▶ WHAT YOU HAVE TO DO: Copy the entries below in full, keeping them exactly as they are.

▶ AVAILABLE DATA:
-- Opening Marker --

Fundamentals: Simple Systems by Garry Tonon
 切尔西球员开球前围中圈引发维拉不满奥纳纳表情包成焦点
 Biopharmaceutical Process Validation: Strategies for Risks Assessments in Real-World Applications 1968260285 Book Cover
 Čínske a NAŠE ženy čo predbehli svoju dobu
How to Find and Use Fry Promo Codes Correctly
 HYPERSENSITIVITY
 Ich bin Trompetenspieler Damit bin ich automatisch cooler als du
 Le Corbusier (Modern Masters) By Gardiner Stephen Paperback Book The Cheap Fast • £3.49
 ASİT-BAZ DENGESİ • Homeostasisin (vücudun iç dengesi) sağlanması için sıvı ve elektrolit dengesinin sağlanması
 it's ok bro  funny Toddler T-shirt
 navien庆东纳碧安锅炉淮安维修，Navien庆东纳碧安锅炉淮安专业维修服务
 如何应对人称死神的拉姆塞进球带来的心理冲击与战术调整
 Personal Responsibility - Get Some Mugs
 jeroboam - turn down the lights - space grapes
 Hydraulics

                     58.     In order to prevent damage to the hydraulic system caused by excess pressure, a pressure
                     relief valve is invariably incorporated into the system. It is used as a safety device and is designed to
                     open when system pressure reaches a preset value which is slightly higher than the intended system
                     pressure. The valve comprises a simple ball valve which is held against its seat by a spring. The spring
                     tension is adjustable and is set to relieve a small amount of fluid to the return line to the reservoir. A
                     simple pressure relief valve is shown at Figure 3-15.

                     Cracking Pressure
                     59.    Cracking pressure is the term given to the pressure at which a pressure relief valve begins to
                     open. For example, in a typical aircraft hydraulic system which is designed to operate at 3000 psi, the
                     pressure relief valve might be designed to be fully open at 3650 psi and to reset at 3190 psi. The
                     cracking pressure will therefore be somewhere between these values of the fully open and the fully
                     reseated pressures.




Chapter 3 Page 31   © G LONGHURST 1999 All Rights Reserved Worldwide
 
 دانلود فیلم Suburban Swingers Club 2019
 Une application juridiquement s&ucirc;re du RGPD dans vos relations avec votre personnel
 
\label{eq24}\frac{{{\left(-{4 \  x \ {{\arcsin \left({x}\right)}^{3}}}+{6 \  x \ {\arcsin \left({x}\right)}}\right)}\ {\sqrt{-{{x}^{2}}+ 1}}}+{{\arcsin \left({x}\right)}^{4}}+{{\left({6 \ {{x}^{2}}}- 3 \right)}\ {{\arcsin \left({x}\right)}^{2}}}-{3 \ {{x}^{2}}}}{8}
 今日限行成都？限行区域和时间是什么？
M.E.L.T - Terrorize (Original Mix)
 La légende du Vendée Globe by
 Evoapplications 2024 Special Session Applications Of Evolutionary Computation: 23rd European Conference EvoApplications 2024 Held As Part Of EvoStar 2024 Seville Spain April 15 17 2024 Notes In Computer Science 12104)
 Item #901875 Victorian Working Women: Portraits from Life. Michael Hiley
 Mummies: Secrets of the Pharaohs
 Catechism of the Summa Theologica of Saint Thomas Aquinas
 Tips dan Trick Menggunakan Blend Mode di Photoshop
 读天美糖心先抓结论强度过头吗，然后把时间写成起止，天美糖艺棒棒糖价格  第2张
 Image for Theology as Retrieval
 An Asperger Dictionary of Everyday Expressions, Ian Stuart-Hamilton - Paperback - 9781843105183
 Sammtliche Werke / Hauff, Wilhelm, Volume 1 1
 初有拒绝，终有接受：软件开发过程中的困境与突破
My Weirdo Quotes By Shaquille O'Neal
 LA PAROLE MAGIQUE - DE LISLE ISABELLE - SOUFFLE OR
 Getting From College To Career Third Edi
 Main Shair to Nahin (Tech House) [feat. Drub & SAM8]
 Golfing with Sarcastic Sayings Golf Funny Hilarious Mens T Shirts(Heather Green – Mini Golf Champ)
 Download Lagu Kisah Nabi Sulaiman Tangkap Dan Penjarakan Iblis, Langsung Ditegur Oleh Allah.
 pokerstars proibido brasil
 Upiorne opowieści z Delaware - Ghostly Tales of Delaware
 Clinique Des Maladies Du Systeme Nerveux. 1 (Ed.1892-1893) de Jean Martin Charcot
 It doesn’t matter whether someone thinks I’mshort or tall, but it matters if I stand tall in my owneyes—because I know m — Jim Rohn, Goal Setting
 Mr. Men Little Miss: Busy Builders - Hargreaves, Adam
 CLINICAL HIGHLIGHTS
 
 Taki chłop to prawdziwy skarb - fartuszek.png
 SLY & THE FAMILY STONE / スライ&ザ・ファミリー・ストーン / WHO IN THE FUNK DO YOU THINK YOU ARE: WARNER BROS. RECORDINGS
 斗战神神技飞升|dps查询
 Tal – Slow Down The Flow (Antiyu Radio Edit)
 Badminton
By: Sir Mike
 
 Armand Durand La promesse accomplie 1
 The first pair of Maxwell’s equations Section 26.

-- Closing Marker --

▶ EXERCISE OUTPUT:
Fundamentals: Simple Systems by Garry Tonon
 切尔西球员开球前围中圈引发维拉不满奥纳纳表情包成焦点
 Biopharmaceutical Process Validation: Strategies for Risks Assessments in Real-World Applications 1968260285 Book Cover
 Čínske a NAŠE ženy čo predbehli svoju dobu
How to Find and Use Fry Promo Codes Correctly
 HYPERSENSITIVITY
 Ich bin Trompetenspieler Damit bin ich automatisch cooler als du
 Le Corbusier (Modern Masters) By Gardiner Stephen Paperback Book The Cheap Fast • £3.49
 ASİT-BAZ DENGESİ • Homeostasisin (vücudun iç dengesi) sağlanması için sıvı ve elektrolit dengesinin sağlanması
 it's ok bro  funny Toddler T-shirt
 navien庆东纳碧安锅炉淮安维修，Navien庆东纳碧安锅炉淮安专业维修服务
 如何应对人称死神的拉姆塞进球带来的心理冲击与战术调整
 Personal Responsibility - Get Some Mugs
 jeroboam - turn down the lights - space grapes
 Hydraulics

                     58.     In order to prevent damage to the hydraulic system caused by excess pressure, a pressure
                     relief valve is invariably incorporated into the system. It is used as a safety device and is designed to
                     open when system pressure reaches a preset value which is slightly higher than the intended system
                     pressure. The valve comprises a simple ball valve which is held against its seat by a spring. The spring
                     tension is adjustable and is set to relieve a small amount of fluid to the return line to the reservoir. A
                     simple pressure relief valve is shown at Figure 3-15.

                     Cracking Pressure
                     59.    Cracking pressure is the term given to the pressure at which a pressure relief valve begins to
                     open. For example, in a typical aircraft hydraulic system which is designed to operate at 3000 psi, the
                     pressure relief valve might be designed to be fully open at 3650 psi and to reset at 3190 psi. The
                     cracking pressure will therefore be somewhere between these values of the fully open and the fully
                     reseated pressures.




Chapter 3 Page 31   © G LONGHURST 1999 All Rights Reserved Worldwide
 
 دانلود فیلم Suburban Swingers Club 2019
 Une application juridiquement s&ucirc;re du RGPD dans vos relations avec votre personnel
 
\label{eq24}\frac{{{\left(-{4 \  x \ {{\arcsin \left({x}\right)}^{3}}}+{6 \  x \ {\arcsin \left({x}\right)}}\right)}\ {\sqrt{-{{x}^{2}}+ 1}}}+{{\arcsin \left({x}\right)}^{4}}+{{\left({6 \ {{x}^{2}}}- 3 \right)}\ {{\arcsin \left({x}\right)}^{2}}}-{3 \ {{x}^{2}}}}{8}
 今日限行成都？限行区域和时间是什么？
M.E.L.T - Terrorize (Original Mix)
 La légende du Vendée Globe by
 Evoapplications 2024 Special Session Applications Of Evolutionary Computation: 23rd European Conference EvoApplications 2024 Held As Part Of EvoStar 2024 Seville Spain April 15 17 2024 Notes In Computer Science 12104)
 Item #901875 Victorian Working Women: Portraits from Life. Michael Hiley
 Mummies: Secrets of the Pharaohs
 Catechism of the Summa Theologica of Saint Thomas Aquinas
 Tips dan Trick Menggunakan Blend Mode di Photoshop
 读天美糖心先抓结论强度过头吗，然后把时间写成起止，天美糖艺棒棒糖价格  第2张
 Image for Theology as Retrieval
 An Asperger Dictionary of Everyday Expressions, Ian Stuart-Hamilton - Paperback - 9781843105183
 Sammtliche Werke / Hauff, Wilhelm, Volume 1 1
 初有拒绝，终有接受：软件开发过程中的困境与突破
My Weirdo Quotes By Shaquille O'Neal
 LA PAROLE MAGIQUE - DE LISLE ISABELLE - SOUFFLE OR
 Getting From College To Career Third Edi
 Main Shair to Nahin (Tech House) [feat. Drub & SAM8]
 Golfing with Sarcastic Sayings Golf Funny Hilarious Mens T Shirts(Heather Green – Mini Golf Champ)
 Download Lagu Kisah Nabi Sulaiman Tangkap Dan Penjarakan Iblis, Langsung Ditegur Oleh Allah.
 pokerstars proibido brasil
 Upiorne opowieści z Delaware - Ghostly Tales of Delaware
 Clinique Des Maladies Du Systeme Nerveux. 1 (Ed.1892-1893) de Jean Martin Charcot
 It doesn’t matter whether someone thinks I’mshort or tall, but it matters if I stand tall in my owneyes—because I know m — Jim Rohn, Goal Setting
 Mr. Men Little Miss: Busy Builders - Hargreaves, Adam
 CLINICAL HIGHLIGHTS
 
 Taki chłop to prawdziwy skarb - fartuszek.png
 SLY & THE FAMILY STONE / スライ&ザ・ファミリー・ストーン / WHO IN THE FUNK DO YOU THINK YOU ARE: WARNER BROS. RECORDINGS
 斗战神神技飞升|dps查询
 Tal – Slow Down The Flow (Antiyu Radio Edit)
 Badminton
By: Sir Mike
 
 Armand Durand La promesse accomplie 1
 The first pair of Maxwell’s equations Section 26.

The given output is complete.